> Instructions for the task
With pictures removed, the data below should be returned exactly.

> Source data
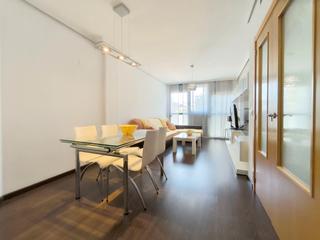 Location Appartement  Plaça itàlia. Se alquila piso en paiporta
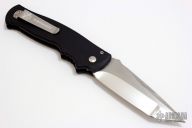 M2 Auto Prototype - Tanto - Abalone HG HP 1of5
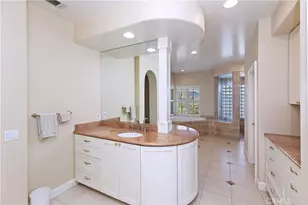 43845 Calle De Velardo, Temecula, CA 92592 - Photo 29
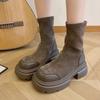 Boots – Boots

> Result
 Location Appartement  Plaça itàlia. Se alquila piso en paiporta
 M2 Auto Prototype - Tanto - Abalone HG HP 1of5
 43845 Calle De Velardo, Temecula, CA 92592 - Photo 29
 Boots – Boots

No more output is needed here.